Items from a data source
-=-=-
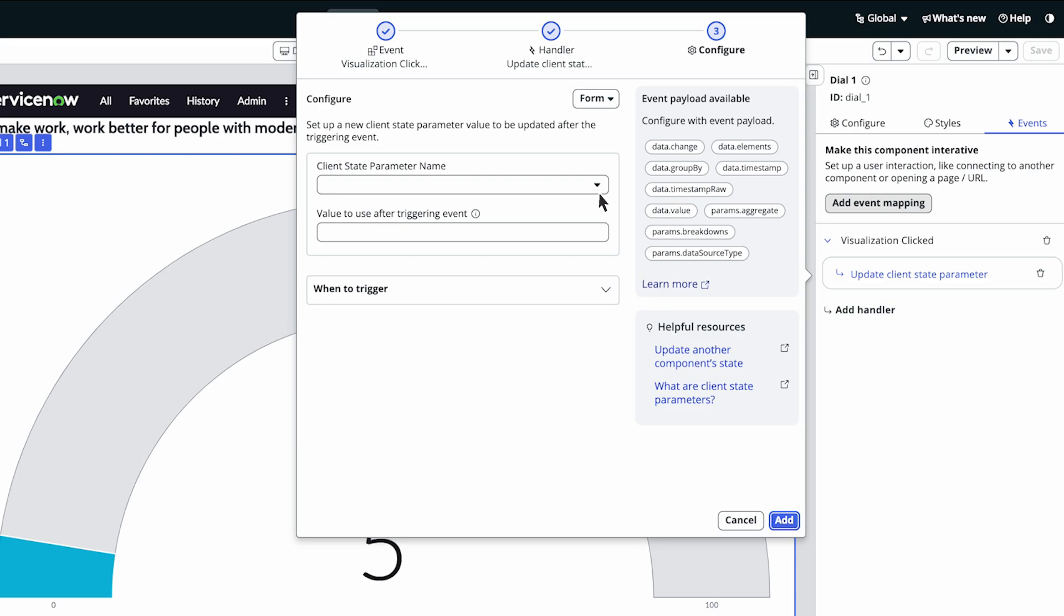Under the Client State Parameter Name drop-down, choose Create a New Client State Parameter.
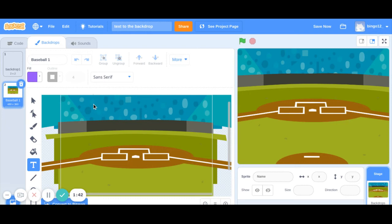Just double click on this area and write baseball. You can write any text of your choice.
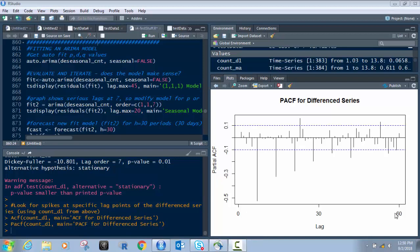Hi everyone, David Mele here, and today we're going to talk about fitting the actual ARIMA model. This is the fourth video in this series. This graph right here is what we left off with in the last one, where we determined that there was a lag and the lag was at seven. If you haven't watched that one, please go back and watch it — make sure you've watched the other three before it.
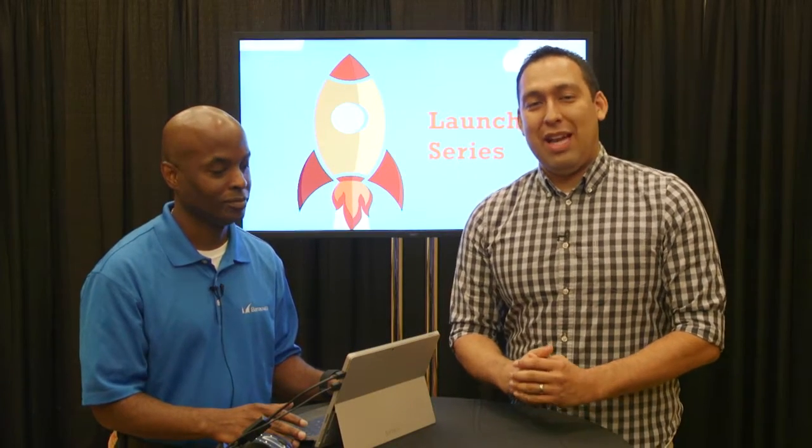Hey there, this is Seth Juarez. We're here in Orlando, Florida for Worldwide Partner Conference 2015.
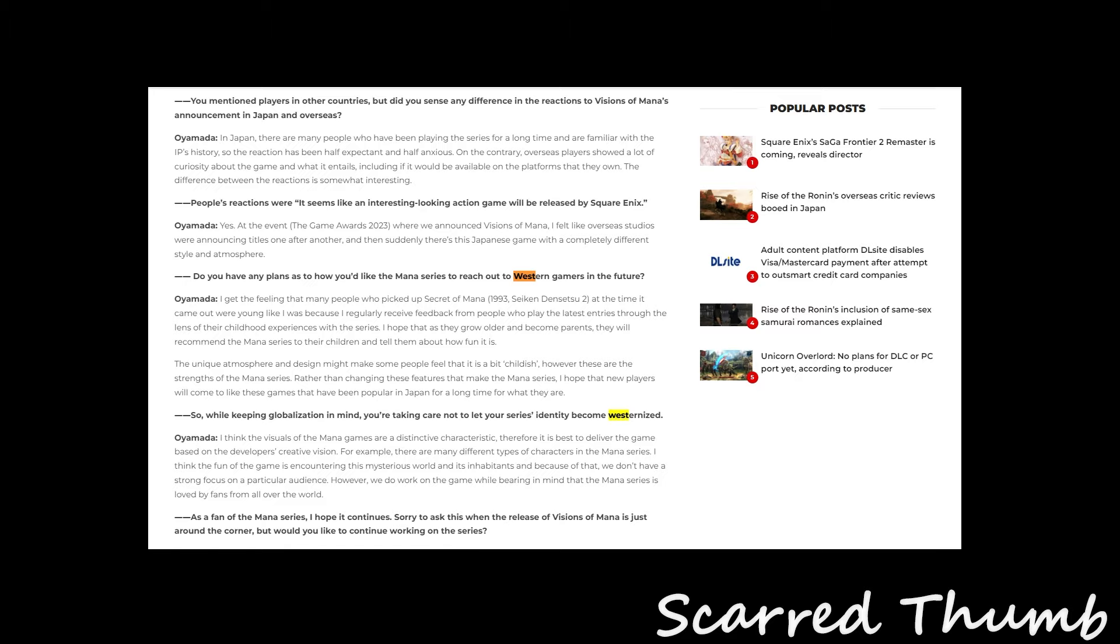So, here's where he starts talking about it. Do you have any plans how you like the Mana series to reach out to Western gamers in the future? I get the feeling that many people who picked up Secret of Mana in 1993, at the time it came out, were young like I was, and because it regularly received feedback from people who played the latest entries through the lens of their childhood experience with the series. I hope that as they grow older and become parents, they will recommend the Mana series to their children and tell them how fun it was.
-=-=-
* _ASSIGNED TASK_
Beginning with the line where "Hey there, this" appears, transcribe the records above word for word through their last line, and include no pictures.

* _COMPLETED TASK_
Hey there, this is Seth Juarez. We're here in Orlando, Florida for Worldwide Partner Conference 2015.
So, here's where he starts talking about it. Do you have any plans how you like the Mana series to reach out to Western gamers in the future? I get the feeling that many people who picked up Secret of Mana in 1993, at the time it came out, were young like I was, and because it regularly received feedback from people who played the latest entries through the lens of their childhood experience with the series. I hope that as they grow older and become parents, they will recommend the Mana series to their children and tell them how fun it was.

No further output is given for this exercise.